Today, with the help of a walking stick, Tina can walk two kilometres.

The reason: excellent, interdisciplinary research that creates value for real people in the real world.

However, high quality and excellence do not come by themselves. The quality university is a product of the daily endeavours of excellent students and staff. As you know, quality is about doing ordinary things extraordinarily well. It is SDU's people who have created - and continue to create every day - the quality culture that permeates the University. Because, as Aristotle put it, quality is not an act. It is a habit.

The quality university appears in the SDU student, who with curiosity, enthusiasm and great effort throws themself into the material to achieve deep realisation.

The quality university makes itself known in the researcher who, through creativity, insight and hard work, formulates and tests bold hypotheses.

We find the quality university in the teacher's persistent effort to ensure that the material is understood in depth.

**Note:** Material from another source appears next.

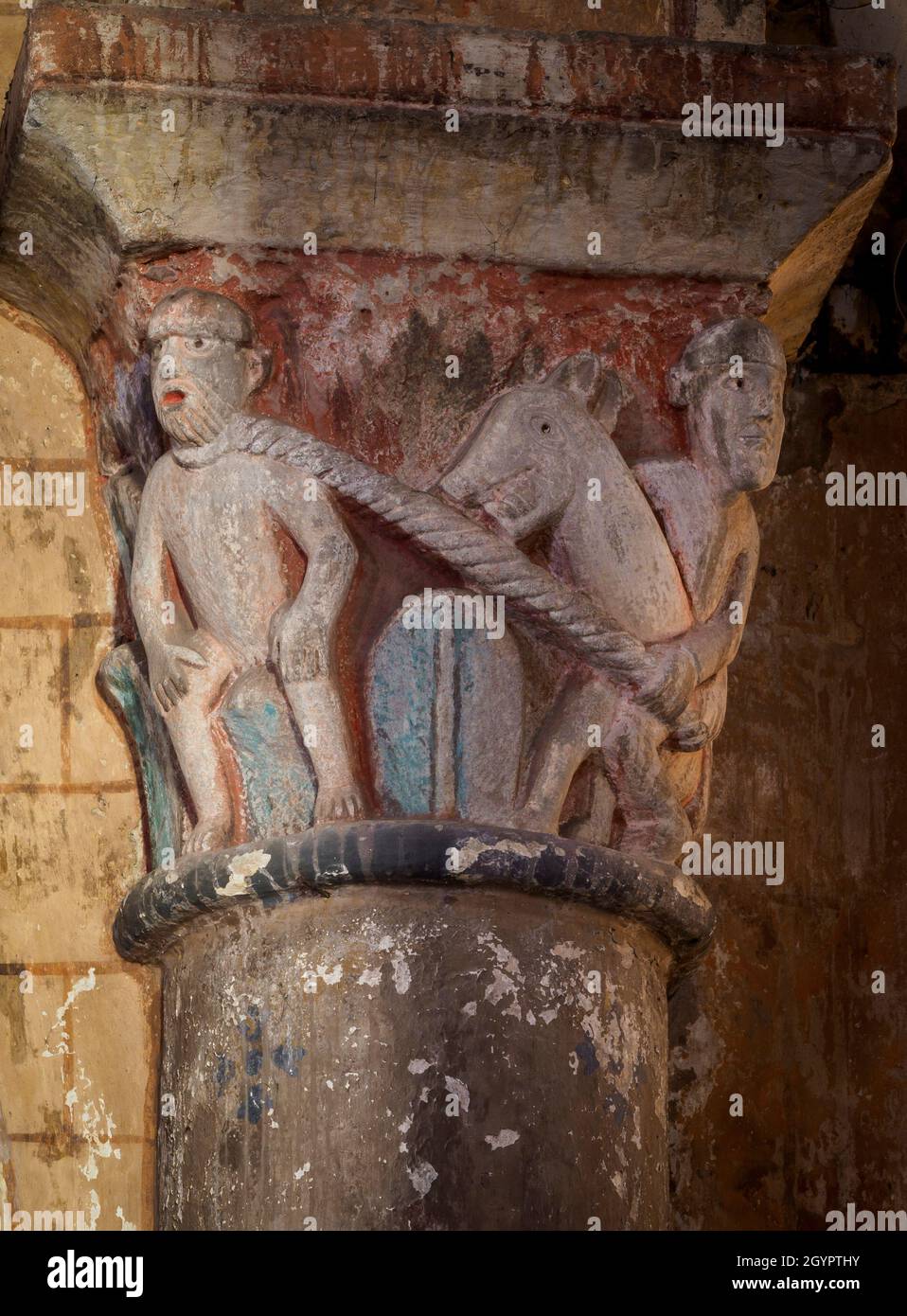 Corded Affe, romanische Hauptstadt, Kirche Saint-Étienne de Maringues, Maringues, Auvergne, Frankreich. Stockfoto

And the quality university is personified in the administrative staff member who works purposefully to ensure efficient and proper procedures.

However, there are also other prerequisites for quality. Let me just mention three important factors:

Firstly, a quality university like SDU necessitates Academic Freedom. It is about freedom of research, freedom of education and freedom of debate and expression. Specifically, it is about the freedom to choose research questions, methods, forms of teaching and to speak publicly about academic matters.

I am proud that we at SDU have contributed to the formulation of a 'Declaration of Academic Freedom'. This sets a clear direction and is a crucial foundation for the University in an ever-changing world.

The second prerequisite for high quality is renewal. Excellence and high quality require continuous development and innovation. At SDU, too, we must adapt to constantly changing framework conditions.

When the labour market is moving in a direction in which many more people will change jobs much more often, we must develop and expand our continuing and further education programmes. And when the opportunities for obtaining external funding improve, SDU must also take steps towards basing a larger part of the University's activities on external funding. Not to become bigger. But to create the foundation for even more and better research.

The third and final prerequisite I would like to highlight is reasonable framework conditions. SDU is an internationally oriented, regionally anchored quality university. We are proud of - and take pride in - delivering quality education in five cities across the region.

But the current framework conditions are challenging us. Because no matter how well we do it, not all of our smaller places of study will be financially sustainable in a time of declining youth year groups. We therefore need political support and improved framework conditions for our study programmes outside the largest cities.

We have read the so-called regionalisation agreement. And it contains some sensible elements. But to paraphrase Henry Kissinger, we ask Christiansborg: 'Is this the best you can do?' We are happy to contribute to 'More and better education programmes throughout Denmark'. But we cannot do it without substantial investment in the regional supply of education programmes.

We need larger decentralised subsidies or significantly higher student full-time equivalent rates outside the largest cities.

As the musician, Peter Bastian, pointed out: 'the only thing that matters in life is the quality of the tracks you leave behind.' In December, when we hold the last SDU Board meeting of the year I will have the opportunity to thank the outgoing Chair of the Board for his great effort. Let me just say here that the tracks you - Niels - leave behind at SDU are of outstanding quality.

Your hand at the helm has been steady, and your ability to manoeuvre the ship through at times perilous and troubled waters has been beyond compare. At the same time, you have been able to nudge SDU in the direction of both greater relevance and higher quality. It only makes your efforts for the University even more admirable.

The sun is shining on SDU. And that is very much to your credit, Niels.

Thank you for that and thank you for your attention!